6. Saving with a goal in mind
The reason we had to put our words into action and finally create that budget is because we realised we only had a few months left to save up for a trip for our first year anniversary. By dreaming and goal setting together we can decide what it will take financially to realise our dreams. Honestly I am terrible at saving, that includes saving money to saving space. If there is an gap in my cupboard I wonder how I can fill it. Saving money works the same way. If there is left over, I plan how we can spend it. Which is why we needed concrete goals to save for.

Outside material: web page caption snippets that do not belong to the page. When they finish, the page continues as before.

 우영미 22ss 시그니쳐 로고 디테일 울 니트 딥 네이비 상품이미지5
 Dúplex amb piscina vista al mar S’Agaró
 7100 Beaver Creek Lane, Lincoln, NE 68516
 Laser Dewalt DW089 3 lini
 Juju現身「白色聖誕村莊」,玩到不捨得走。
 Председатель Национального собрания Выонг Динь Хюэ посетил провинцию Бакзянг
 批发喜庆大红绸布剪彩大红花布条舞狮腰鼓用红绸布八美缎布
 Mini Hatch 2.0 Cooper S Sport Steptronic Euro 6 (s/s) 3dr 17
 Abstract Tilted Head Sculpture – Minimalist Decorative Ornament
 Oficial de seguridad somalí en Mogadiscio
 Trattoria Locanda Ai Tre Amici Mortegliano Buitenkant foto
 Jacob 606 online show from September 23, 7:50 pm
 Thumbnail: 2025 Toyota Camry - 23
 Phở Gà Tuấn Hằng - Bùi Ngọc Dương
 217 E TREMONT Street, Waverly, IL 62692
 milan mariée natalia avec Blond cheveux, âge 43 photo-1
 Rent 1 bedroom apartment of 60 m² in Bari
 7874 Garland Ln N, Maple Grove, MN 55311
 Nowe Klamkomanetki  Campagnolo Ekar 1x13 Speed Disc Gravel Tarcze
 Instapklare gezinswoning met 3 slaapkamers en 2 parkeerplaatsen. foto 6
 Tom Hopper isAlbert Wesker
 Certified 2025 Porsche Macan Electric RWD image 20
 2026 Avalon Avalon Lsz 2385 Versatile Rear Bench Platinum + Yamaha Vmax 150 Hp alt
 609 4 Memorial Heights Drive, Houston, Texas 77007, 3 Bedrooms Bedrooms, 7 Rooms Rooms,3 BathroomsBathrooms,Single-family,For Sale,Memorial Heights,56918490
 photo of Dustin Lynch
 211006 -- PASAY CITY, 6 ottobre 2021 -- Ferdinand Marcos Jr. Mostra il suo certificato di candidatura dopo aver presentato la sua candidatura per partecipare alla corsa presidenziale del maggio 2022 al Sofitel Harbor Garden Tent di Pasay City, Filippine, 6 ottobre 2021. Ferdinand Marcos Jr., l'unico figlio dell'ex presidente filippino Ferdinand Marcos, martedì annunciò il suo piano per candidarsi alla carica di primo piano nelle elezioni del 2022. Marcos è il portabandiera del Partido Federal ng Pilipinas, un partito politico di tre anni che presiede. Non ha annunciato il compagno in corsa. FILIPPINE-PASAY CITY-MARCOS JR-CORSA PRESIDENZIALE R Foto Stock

Goal setting should include short term goals for the next few months to a year (such as impending holidays and sticking to our monthly budgets); medium term goals should cater for your one to five year plan and may include considerations such as saving for potential future children and becoming a single-income family, so that I can be a stay at home mom and the reality of relocation costs; and long term goals which include plans for retirement, risky business ventures, catering for elderly family member’s needs, holiday homes etc.
It is vitally important to be on the same page as your partner, working as a team, with the same goals in mind.
By dreaming together and committing to achieving these dreams together we are reminding ourselves and each other that money management in a marriage involves both parties working together and sharing responsibilities equally.
As husband and wife, we both need to take part in decision making, budgeting, contributing and bill paying.
7. The Golden Rule: Treat Your Partner the Way you Desire to be Treated
In all matters that concern your marriage treat your partner the way you would like to be treated. Lying, misusing your money, overspending, accusing, punishing, is not welcome in our marriage. Forming good money management habits early on in our marriage is essential.
The way we manage our financial decisions, budgets, spending and conflict should align with our marriage vows, for in all aspects of our marriage we vowed to INVEST IN, to COMMUNICATE OPENLY, to BE HONEST AND TRUE, to be GOOD STEWARDS, to BE WISE, to GIVE, to DREAM AND PLAN TOGETHER, to SHOW SELF CONTROL, to SPEAK LOVE, to be INTENTIONAL, for better and for worse, for richer for poorer, until death do us part.